Caption-style text data:
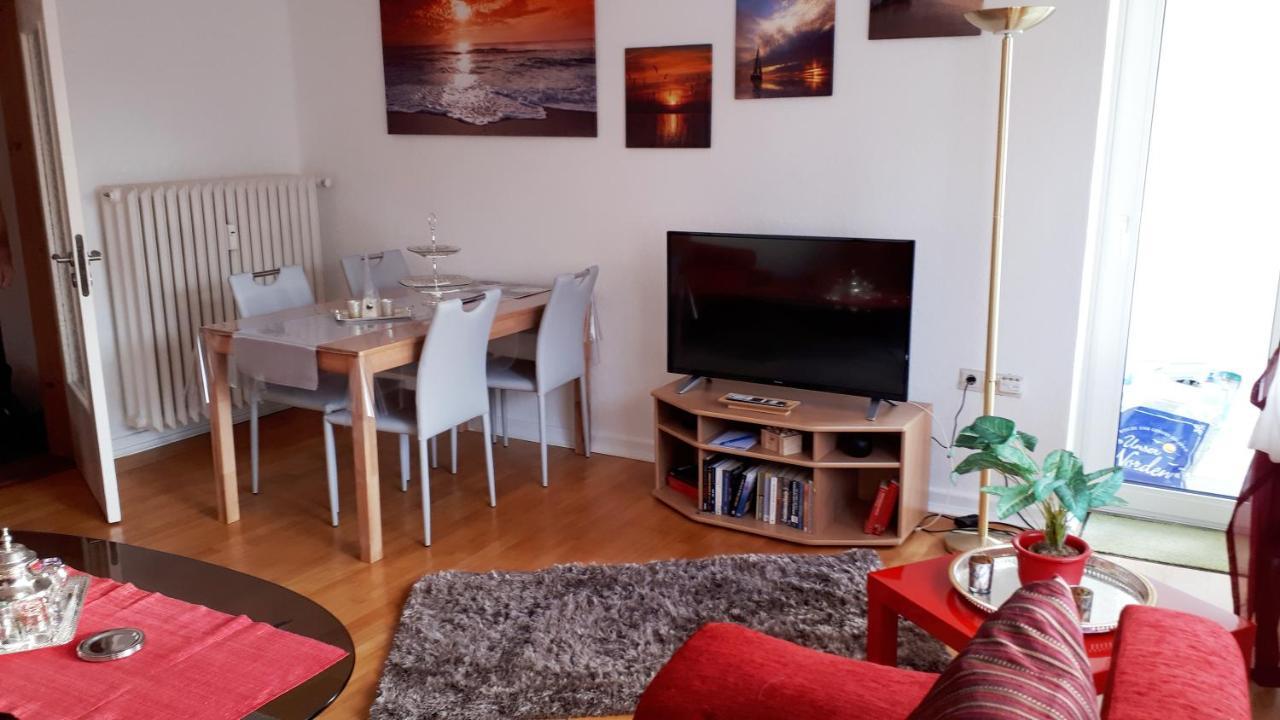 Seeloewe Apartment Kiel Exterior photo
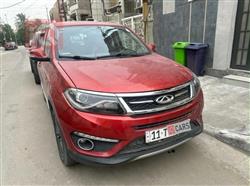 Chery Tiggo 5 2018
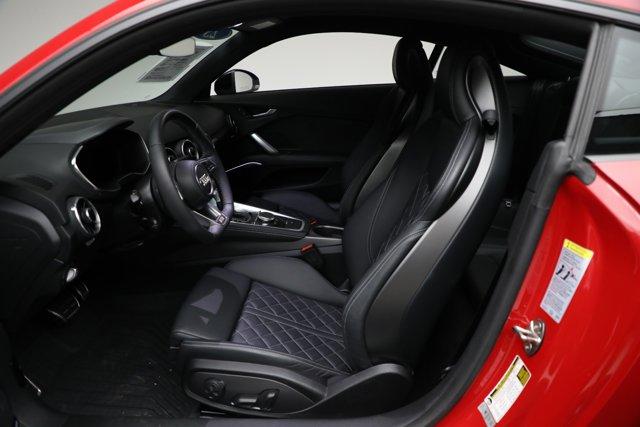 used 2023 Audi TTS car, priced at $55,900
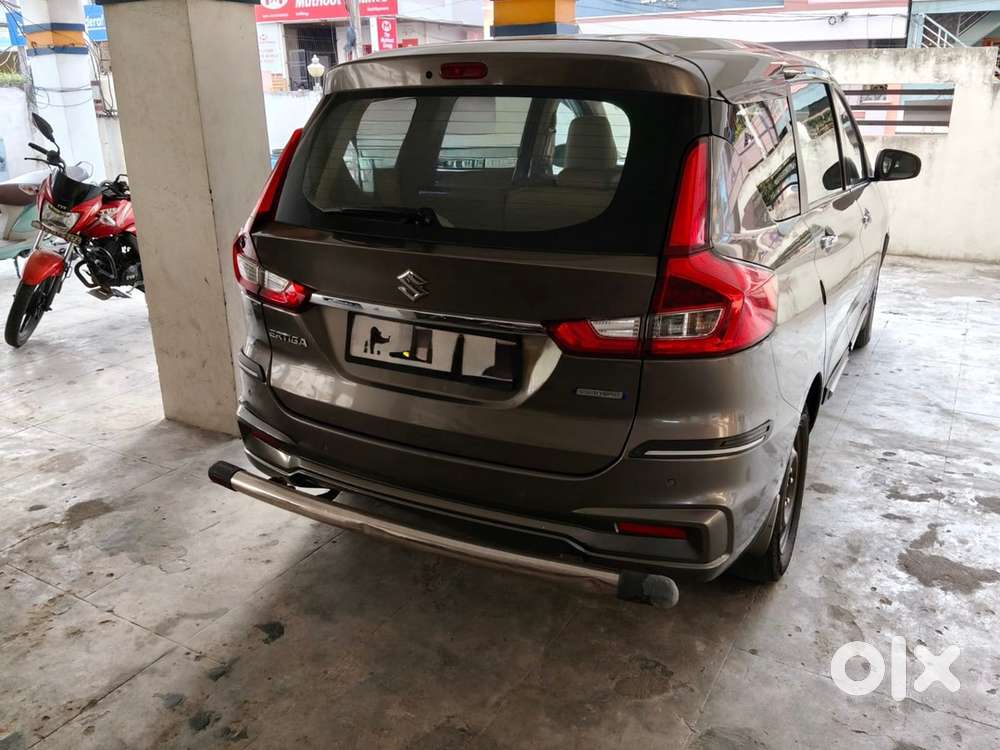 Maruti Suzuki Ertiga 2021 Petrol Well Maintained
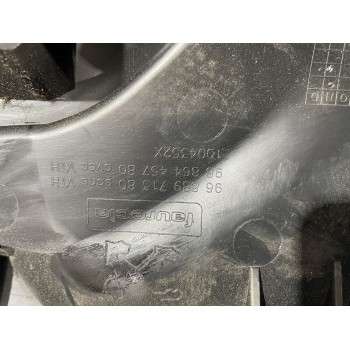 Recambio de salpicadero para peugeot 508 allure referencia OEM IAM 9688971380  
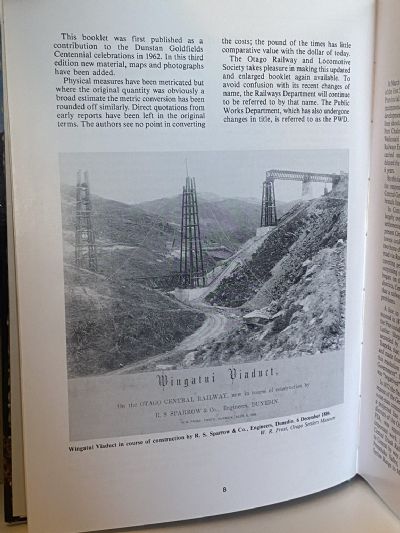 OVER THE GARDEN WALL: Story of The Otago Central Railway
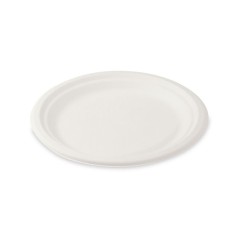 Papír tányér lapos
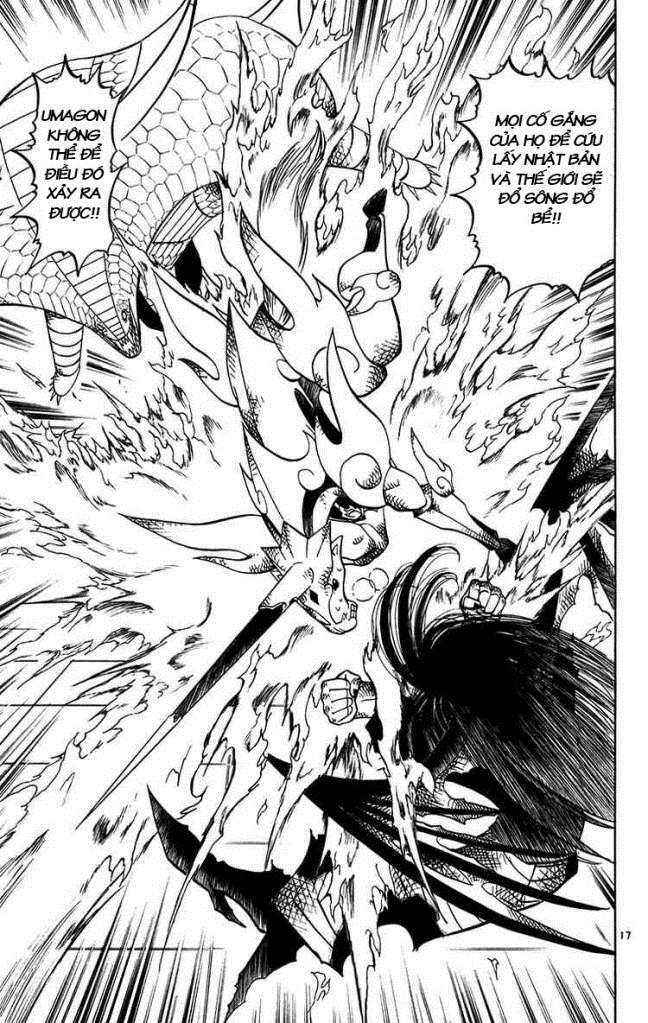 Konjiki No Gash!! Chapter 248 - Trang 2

WHAT THIS TASK INVOLVES →
Letter for letter, reproduce every record above and skip the pictures.

WRITTEN ANSWER →
 Seeloewe Apartment Kiel Exterior photo
 Chery Tiggo 5 2018
 used 2023 Audi TTS car, priced at $55,900
 Maruti Suzuki Ertiga 2021 Petrol Well Maintained
 Recambio de salpicadero para peugeot 508 allure referencia OEM IAM 9688971380  
 OVER THE GARDEN WALL: Story of The Otago Central Railway
 Papír tányér lapos
 Konjiki No Gash!! Chapter 248 - Trang 2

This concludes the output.